Each line in the records below that has the word "requerimientos" should be copied.

┌─ DATA

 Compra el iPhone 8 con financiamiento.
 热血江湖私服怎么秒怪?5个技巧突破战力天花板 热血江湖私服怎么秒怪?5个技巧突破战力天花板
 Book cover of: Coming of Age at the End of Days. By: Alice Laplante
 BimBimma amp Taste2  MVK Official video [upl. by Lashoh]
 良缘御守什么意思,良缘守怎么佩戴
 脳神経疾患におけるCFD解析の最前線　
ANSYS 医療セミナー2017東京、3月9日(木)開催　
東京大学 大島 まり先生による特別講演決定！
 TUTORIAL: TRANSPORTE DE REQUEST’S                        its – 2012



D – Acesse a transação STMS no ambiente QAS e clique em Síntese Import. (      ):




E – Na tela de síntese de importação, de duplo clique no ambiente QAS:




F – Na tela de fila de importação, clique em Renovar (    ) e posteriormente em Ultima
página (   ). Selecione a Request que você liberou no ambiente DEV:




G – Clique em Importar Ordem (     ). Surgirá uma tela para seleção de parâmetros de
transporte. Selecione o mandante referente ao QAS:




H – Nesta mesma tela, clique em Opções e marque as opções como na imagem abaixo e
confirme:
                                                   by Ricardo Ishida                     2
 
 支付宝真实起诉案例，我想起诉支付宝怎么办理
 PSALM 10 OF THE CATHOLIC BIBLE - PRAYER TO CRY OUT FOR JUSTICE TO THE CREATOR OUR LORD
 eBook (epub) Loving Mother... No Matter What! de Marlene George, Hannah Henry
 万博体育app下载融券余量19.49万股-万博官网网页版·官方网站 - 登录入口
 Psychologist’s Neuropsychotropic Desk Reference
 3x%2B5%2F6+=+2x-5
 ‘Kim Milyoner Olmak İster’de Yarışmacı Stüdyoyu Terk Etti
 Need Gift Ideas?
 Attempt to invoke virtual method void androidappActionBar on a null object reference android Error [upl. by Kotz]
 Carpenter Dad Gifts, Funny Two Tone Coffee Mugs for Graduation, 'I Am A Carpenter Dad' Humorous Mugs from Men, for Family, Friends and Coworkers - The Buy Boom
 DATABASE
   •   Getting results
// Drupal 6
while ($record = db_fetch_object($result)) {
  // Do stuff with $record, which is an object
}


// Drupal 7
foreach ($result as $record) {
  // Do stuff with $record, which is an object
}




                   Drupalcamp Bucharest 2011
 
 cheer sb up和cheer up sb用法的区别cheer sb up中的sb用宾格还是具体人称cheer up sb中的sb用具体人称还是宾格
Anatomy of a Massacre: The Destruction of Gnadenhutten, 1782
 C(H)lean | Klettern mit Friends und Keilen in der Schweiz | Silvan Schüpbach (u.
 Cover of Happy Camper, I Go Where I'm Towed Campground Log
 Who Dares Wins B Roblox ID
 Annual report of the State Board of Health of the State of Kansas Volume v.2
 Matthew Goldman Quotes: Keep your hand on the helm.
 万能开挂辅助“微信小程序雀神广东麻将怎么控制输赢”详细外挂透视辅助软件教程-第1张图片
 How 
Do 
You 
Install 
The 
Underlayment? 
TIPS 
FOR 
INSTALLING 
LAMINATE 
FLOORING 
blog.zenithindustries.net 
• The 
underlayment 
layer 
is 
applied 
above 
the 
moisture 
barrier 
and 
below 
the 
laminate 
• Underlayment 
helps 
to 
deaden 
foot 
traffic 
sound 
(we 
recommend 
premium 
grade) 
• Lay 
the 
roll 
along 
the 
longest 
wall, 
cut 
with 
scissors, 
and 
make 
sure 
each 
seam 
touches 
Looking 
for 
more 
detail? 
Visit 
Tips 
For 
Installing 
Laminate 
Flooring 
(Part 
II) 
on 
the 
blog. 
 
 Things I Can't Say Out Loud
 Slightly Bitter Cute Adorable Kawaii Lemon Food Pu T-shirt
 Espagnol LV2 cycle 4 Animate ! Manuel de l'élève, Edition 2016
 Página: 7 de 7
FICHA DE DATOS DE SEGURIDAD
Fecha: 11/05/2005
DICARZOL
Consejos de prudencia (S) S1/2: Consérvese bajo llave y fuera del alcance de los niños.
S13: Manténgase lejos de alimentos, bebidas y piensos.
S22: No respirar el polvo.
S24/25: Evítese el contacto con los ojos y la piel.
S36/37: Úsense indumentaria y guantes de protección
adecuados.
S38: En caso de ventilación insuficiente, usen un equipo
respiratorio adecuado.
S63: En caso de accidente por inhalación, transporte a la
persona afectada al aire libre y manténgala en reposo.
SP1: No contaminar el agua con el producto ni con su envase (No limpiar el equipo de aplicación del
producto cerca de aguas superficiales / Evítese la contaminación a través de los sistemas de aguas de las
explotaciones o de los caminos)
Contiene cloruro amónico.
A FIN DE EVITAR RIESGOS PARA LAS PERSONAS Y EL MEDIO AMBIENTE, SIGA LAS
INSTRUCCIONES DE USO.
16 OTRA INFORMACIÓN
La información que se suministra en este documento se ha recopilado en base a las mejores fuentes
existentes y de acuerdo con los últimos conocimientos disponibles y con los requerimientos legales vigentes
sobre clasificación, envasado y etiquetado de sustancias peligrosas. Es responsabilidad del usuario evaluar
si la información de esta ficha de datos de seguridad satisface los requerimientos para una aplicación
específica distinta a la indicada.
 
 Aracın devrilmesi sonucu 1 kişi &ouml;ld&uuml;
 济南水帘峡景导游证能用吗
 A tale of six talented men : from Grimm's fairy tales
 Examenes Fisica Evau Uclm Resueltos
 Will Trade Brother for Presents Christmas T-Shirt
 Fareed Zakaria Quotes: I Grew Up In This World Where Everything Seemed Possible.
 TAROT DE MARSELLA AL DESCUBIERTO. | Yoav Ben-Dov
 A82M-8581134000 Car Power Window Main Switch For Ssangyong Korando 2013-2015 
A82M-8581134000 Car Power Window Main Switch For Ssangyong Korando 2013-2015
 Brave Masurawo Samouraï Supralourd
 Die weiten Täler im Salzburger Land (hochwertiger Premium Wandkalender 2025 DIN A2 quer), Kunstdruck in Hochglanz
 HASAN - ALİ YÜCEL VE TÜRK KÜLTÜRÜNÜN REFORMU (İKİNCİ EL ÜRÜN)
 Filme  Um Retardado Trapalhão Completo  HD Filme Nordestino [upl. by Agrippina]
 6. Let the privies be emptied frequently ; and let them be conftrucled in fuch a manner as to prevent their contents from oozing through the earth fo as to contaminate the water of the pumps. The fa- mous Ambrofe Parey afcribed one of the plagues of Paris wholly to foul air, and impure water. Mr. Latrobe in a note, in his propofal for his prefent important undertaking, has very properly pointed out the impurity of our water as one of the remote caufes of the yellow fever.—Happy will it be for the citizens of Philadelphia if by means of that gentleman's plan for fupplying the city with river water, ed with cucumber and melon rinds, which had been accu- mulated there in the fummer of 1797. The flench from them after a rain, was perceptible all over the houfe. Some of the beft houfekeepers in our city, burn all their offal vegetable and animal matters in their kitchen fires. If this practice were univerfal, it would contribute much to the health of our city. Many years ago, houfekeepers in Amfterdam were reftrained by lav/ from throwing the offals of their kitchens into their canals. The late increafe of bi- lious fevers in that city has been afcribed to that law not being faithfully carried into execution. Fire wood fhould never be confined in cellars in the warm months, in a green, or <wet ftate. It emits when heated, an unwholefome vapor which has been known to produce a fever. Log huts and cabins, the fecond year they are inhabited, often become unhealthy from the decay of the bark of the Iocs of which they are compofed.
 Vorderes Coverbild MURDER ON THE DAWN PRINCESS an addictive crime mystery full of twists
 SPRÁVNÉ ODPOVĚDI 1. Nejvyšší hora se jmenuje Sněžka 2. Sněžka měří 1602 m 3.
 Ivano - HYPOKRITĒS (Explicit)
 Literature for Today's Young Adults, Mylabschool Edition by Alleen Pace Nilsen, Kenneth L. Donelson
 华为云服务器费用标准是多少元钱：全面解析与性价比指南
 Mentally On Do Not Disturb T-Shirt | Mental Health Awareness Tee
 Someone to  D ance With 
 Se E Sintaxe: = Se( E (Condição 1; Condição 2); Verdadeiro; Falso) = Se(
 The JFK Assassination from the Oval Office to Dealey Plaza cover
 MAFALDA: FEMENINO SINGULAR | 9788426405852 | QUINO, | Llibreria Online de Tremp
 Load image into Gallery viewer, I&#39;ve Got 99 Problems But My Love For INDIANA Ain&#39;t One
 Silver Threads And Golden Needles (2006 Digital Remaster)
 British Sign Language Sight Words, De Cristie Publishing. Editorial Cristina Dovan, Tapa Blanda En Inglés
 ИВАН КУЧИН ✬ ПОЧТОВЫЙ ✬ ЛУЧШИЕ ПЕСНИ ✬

└─

**EXERCISE ANSWER**
existentes y de acuerdo con los últimos conocimientos disponibles y con los requerimientos legales vigentes
si la información de esta ficha de datos de seguridad satisface los requerimientos para una aplicación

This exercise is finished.